Mike Pompeo, the new secretary of state, is an avowed evangelical with a history of anti-Muslim statements and views
Following Obama's election in 2008, Graham said that White House officials were "anti-Christ". He claimed that Obama was a Muslim, and that his administration was infiltrated by Muslims who were advising the White House.

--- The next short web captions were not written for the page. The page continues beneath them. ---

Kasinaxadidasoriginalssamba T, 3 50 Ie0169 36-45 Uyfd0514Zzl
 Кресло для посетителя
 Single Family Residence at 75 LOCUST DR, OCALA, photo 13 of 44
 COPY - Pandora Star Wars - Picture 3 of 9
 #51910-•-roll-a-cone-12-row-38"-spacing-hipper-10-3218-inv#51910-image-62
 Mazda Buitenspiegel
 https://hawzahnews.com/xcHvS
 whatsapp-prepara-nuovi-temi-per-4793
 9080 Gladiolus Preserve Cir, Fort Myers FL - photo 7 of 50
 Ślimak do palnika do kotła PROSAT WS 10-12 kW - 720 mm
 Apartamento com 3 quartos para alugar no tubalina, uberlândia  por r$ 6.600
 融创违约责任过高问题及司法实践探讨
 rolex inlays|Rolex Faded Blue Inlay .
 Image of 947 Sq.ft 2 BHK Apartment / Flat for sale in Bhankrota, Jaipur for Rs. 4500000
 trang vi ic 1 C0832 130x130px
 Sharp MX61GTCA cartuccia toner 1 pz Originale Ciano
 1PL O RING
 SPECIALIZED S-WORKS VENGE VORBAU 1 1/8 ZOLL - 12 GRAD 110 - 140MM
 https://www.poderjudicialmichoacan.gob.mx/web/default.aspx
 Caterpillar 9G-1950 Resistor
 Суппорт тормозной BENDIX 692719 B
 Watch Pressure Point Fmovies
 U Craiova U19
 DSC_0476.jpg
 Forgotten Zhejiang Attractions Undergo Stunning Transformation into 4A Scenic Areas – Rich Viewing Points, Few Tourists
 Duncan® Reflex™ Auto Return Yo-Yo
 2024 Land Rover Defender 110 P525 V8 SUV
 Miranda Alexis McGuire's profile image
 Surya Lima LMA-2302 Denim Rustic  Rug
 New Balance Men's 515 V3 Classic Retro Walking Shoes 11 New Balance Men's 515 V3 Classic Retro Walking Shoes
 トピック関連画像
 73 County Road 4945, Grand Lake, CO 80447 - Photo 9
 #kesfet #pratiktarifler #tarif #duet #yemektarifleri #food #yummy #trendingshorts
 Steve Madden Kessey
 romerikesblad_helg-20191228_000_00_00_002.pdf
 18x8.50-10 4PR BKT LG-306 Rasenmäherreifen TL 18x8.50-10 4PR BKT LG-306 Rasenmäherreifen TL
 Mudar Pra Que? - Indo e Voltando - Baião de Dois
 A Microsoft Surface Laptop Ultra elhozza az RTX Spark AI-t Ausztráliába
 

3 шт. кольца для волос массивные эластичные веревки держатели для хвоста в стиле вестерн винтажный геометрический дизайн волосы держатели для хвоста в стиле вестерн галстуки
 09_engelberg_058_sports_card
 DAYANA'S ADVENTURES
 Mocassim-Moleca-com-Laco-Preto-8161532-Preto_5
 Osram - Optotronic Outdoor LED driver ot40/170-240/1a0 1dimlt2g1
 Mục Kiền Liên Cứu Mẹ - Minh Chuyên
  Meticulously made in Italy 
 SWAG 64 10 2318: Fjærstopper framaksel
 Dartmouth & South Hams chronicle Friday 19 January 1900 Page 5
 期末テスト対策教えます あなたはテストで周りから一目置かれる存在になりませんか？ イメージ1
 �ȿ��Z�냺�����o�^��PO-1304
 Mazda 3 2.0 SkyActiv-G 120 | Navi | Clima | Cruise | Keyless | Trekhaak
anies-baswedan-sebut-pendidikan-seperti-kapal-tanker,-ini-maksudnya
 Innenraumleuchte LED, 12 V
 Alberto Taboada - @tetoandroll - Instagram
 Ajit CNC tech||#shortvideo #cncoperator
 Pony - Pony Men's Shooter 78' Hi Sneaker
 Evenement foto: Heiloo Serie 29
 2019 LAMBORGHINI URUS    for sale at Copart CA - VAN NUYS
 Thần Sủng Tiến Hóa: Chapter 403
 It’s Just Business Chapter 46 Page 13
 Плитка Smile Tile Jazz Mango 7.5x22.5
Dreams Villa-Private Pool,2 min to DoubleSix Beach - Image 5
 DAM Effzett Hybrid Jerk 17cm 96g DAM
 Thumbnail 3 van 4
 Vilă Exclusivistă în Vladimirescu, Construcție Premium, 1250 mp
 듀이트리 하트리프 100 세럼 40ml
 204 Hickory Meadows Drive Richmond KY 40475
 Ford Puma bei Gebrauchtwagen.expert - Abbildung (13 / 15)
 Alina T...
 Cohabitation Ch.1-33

The two most influential positions in the current administration, which determine the president's understanding of the world, are the national security advisor and secretary of state. John Bolton, the new national security advisor, is an exemplar of extreme right-wing beliefs. He was, until recently, the chairman of the Gatestone Institute, a think-tank that has expressed virulent anti-Muslim views, publishing articles such as, "Is the United Kingdom an Islamist Colony?" and "France: Toward Total Submission to Islam, Destruction of Free Speech".
Venom towards Islam
In an op-ed published in March 2015, Bolton called for an attack by the US and Israel on Iran, noting: "Time is terribly short, but a strike can still succeed... An attack need not destroy all of Iran's nuclear infrastructure, but by breaking key links in the nuclear-fuel cycle, it could set back its program by three to five years. The United States could do a thorough job of destruction, but Israel alone can do what's necessary. Such action should be combined with vigorous American support for Iran’s opposition, aimed at regime change in Tehran." Bolton and the Christian right, in tandem with Israel, destroyed the Iran deal.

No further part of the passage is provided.